# Questions...



## Lakeshow_Pimp (Oct 2, 2005)

If there are any questions you have concerning the 76ers, ask each other here and we can try to answer to the best of our ability. :cheers:


----------



## SirCharles34 (Nov 16, 2004)

I wanna know if our #1 goal is to win a championship, and it's clear that this team won't be winning one this yr or next yr as well, what is Billy King's plan to bring Philly and AI a ring?


----------



## Lakeshow_Pimp (Oct 2, 2005)

alleninsf said:


> I wanna know if our #1 goal is to win a championship, and it's clear that this team won't be winning one this yr or next yr as well, what is Billy King's plan to bring Philly and AI a ring?


thats a good question i dont know does any one know? 

76ers won't be winning the championship this year i know that but i wish them the best of luck


----------



## Your Answer (Jul 13, 2005)

The Way I look at it is anyone who makes the playoffs has a shot of winning a title all they have to do is string a couple of good games together in the playoffs So the only way I would rule anyone out is if you dont think they are going to make the playoffs I think the Sixers can make the playoffs so Im not ruling them out is it likely No not at all but to say its impossible is just as far fetched


----------



## Kunlun (Jun 22, 2003)

alleninsf said:


> I wanna know if our #1 goal is to win a championship, and it's clear that this team won't be winning one this yr or next yr as well, what is Billy King's plan to bring Philly and AI a ring?


I don't think Billy King himself knows the answer to that question.


----------



## SirCharles34 (Nov 16, 2004)

Route I-76 said:


> The Way I look at it is anyone who makes the playoffs has a shot of winning a title all they have to do is string a couple of good games together in the playoffs So the only way I would rule anyone out is if you dont think they are going to make the playoffs I think the Sixers can make the playoffs so Im not ruling them out is it likely No not at all but to say its impossible is just as far fetched


We use to be a lock for the playoffs until Milwaukee showed up with a team.

Playoff teams:
1. Indiana
2. Miami 
3. Detroit
4. Cleveland
5. Washington
6. Chicago
7. NJ
That leaves us trying to fend off the Bucks for the last spot.
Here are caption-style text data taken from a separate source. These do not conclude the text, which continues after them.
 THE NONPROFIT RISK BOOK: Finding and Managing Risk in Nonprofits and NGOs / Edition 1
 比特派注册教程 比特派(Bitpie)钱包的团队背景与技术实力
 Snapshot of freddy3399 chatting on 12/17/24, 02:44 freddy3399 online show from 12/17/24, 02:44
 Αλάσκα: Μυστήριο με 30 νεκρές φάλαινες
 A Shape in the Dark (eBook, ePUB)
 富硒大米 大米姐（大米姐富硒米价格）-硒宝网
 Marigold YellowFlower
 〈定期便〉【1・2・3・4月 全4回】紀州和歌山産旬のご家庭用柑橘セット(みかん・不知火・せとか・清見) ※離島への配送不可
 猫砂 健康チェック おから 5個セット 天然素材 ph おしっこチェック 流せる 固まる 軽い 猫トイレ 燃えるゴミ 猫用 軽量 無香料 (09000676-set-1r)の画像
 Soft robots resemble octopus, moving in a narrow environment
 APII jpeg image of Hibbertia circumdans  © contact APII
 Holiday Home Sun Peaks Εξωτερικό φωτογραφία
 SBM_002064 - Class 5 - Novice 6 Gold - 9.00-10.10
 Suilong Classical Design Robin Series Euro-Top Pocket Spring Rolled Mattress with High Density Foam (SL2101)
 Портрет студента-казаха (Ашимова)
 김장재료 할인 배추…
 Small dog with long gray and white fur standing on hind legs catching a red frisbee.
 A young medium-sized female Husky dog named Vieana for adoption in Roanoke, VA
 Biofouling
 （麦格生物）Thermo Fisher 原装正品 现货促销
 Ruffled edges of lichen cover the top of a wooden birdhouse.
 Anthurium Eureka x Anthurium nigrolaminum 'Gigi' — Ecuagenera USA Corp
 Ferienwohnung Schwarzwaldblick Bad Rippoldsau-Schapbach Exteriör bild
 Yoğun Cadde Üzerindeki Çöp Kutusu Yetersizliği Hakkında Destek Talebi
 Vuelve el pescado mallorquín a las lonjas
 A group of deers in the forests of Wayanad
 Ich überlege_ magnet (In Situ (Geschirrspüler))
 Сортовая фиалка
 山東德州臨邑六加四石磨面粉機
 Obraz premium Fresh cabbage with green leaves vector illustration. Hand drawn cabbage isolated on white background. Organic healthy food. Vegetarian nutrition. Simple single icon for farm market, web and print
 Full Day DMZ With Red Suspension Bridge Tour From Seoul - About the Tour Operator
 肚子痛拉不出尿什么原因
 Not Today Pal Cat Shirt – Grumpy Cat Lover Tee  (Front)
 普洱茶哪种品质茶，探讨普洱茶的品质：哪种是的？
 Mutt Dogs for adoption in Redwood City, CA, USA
And pray we don't have anymore injuries b/c you know this team can't afford anyone to go down esp for an extened period of time (I'm talking to you Webber).


----------



## Coatesvillain (Jul 17, 2002)

How long before Billy King throws Mo Cheeks under the bus?


----------



## Your Answer (Jul 13, 2005)

alleninsf said:


> We use to be a lock for the playoffs until Milwaukee showed up with a team.
> 
> Playoff teams:
> 1. Indiana
> ...


I understand were not a lock but neither is NJ and Cleveland is up way to high they collapsed the past 2 years and until they prove other wise i would agree with your top 3 as locks but after that it can go anyway


----------



## SixersFan (Dec 19, 2004)

Coatesvillain said:


> How long before Billy King throws Mo Cheeks under the bus?


I honestly feel Mo is the last coach Billy gets before he's out.


----------



## lakerfan8 (Oct 19, 2005)

If you could play on one court, with any player in the world, where and who would it be? 
(people that have died too)

for me it would be at the court by my house and with Kobe or AI


----------



## jpk (May 4, 2005)

I'd play with Kyle Korver because I could beat him at a game of horse the way he's been shooting.


----------



## Coatesvillain (Jul 17, 2002)

SixersFan said:


> I honestly feel Mo is the last coach Billy gets before he's out.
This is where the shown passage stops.